▶ **Data extract**:
##############################

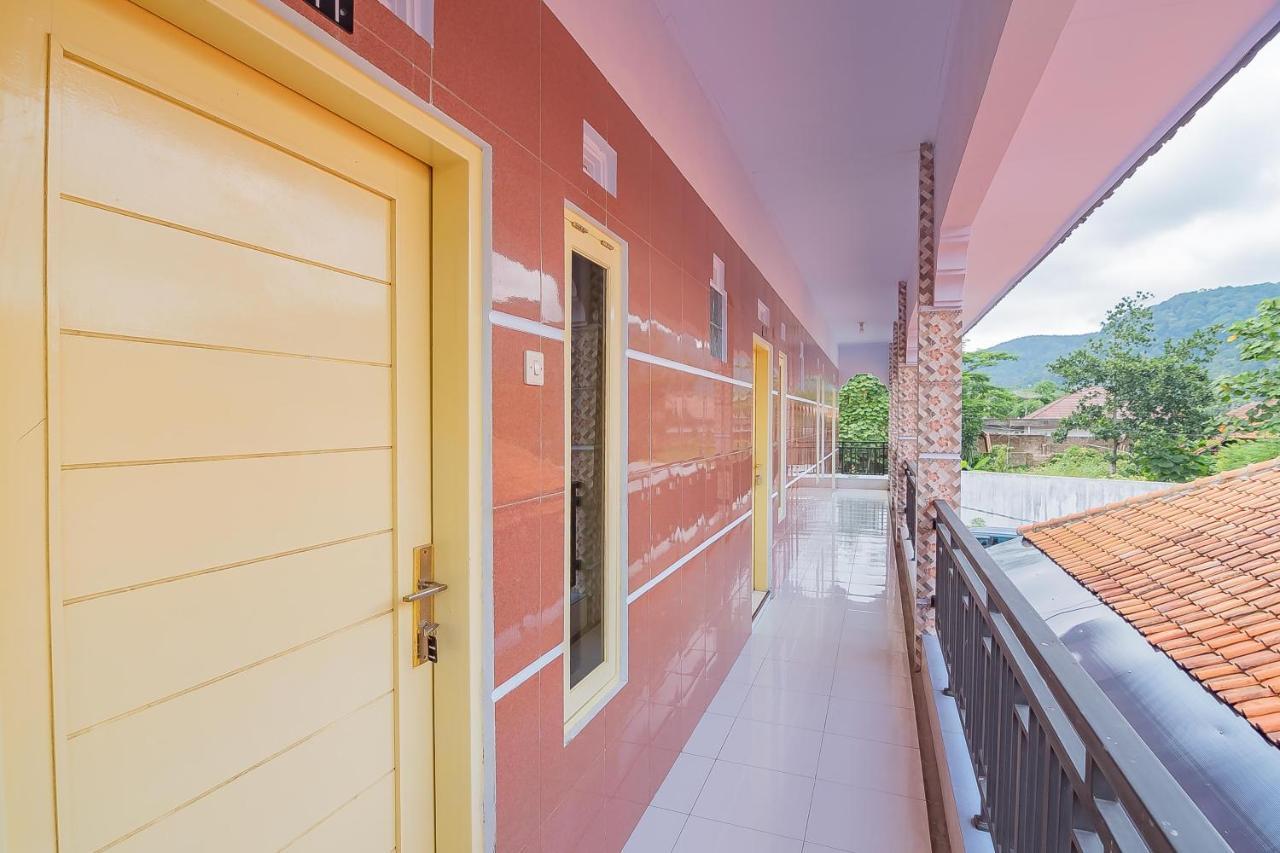 RedDoorz Syariah @ Tambak Mekar Street Subang Hotel Djalantjagak Luaran gambar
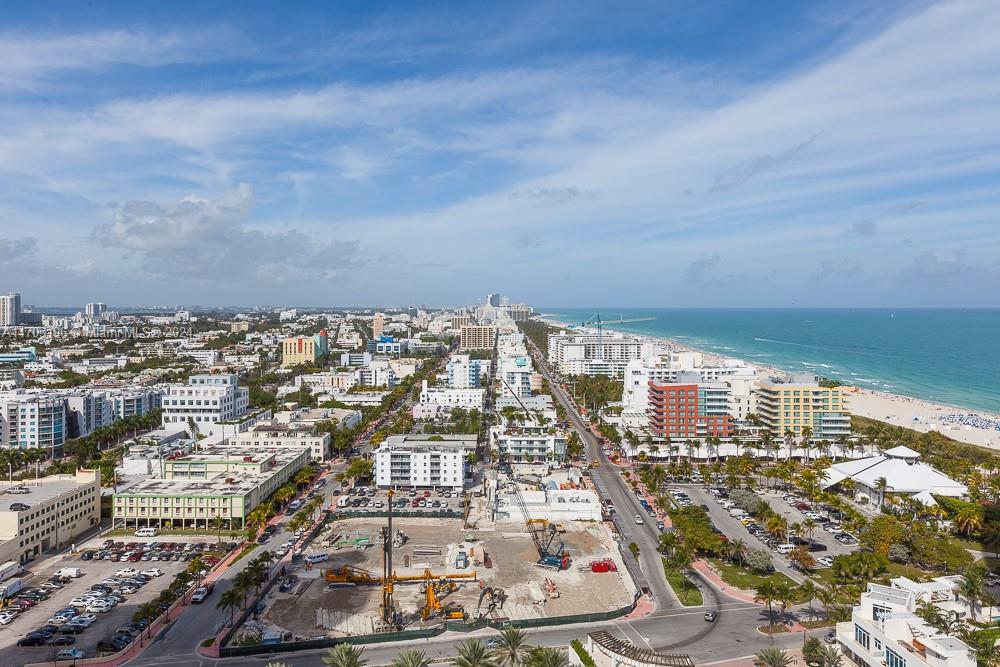 400 S Pointe Dr #2404, Miami Beach FL 33139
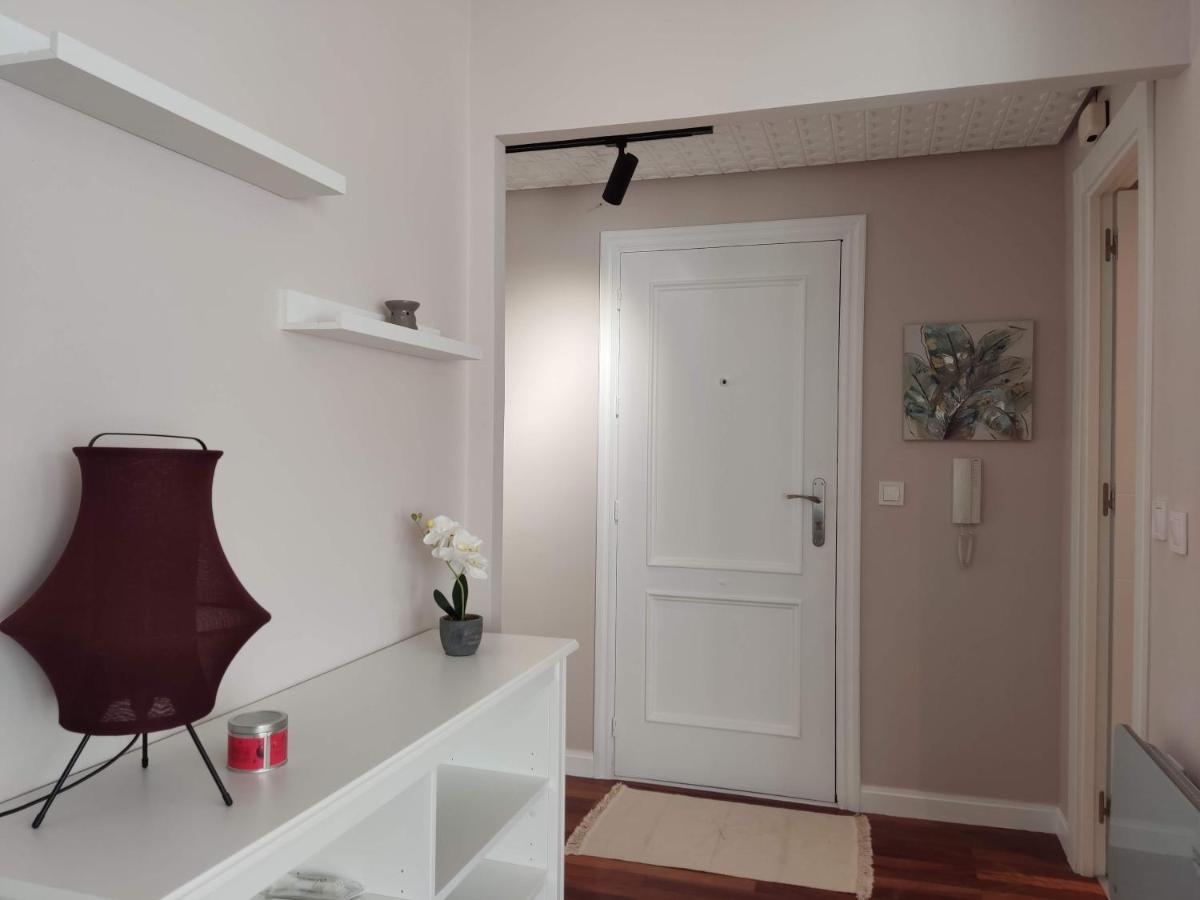 Acogedor Apartamento Junto A La Plaza Villasana de Mena Eksteriør bilde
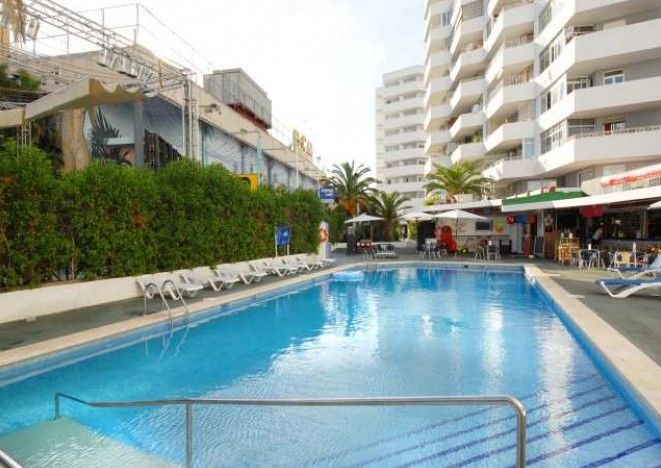 Apts Magalluf Playa (Adults Only)酒店 外观 照片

##############################

Leave the pictures out and retype only the lines from the line with "400 S Pointe Dr #2404, Miami Beach FL 33139" through the final line of the material, both ends included, word for word.

▶ **The answer**:
 400 S Pointe Dr #2404, Miami Beach FL 33139
 Acogedor Apartamento Junto A La Plaza Villasana de Mena Eksteriør bilde
 Apts Magalluf Playa (Adults Only)酒店 外观 照片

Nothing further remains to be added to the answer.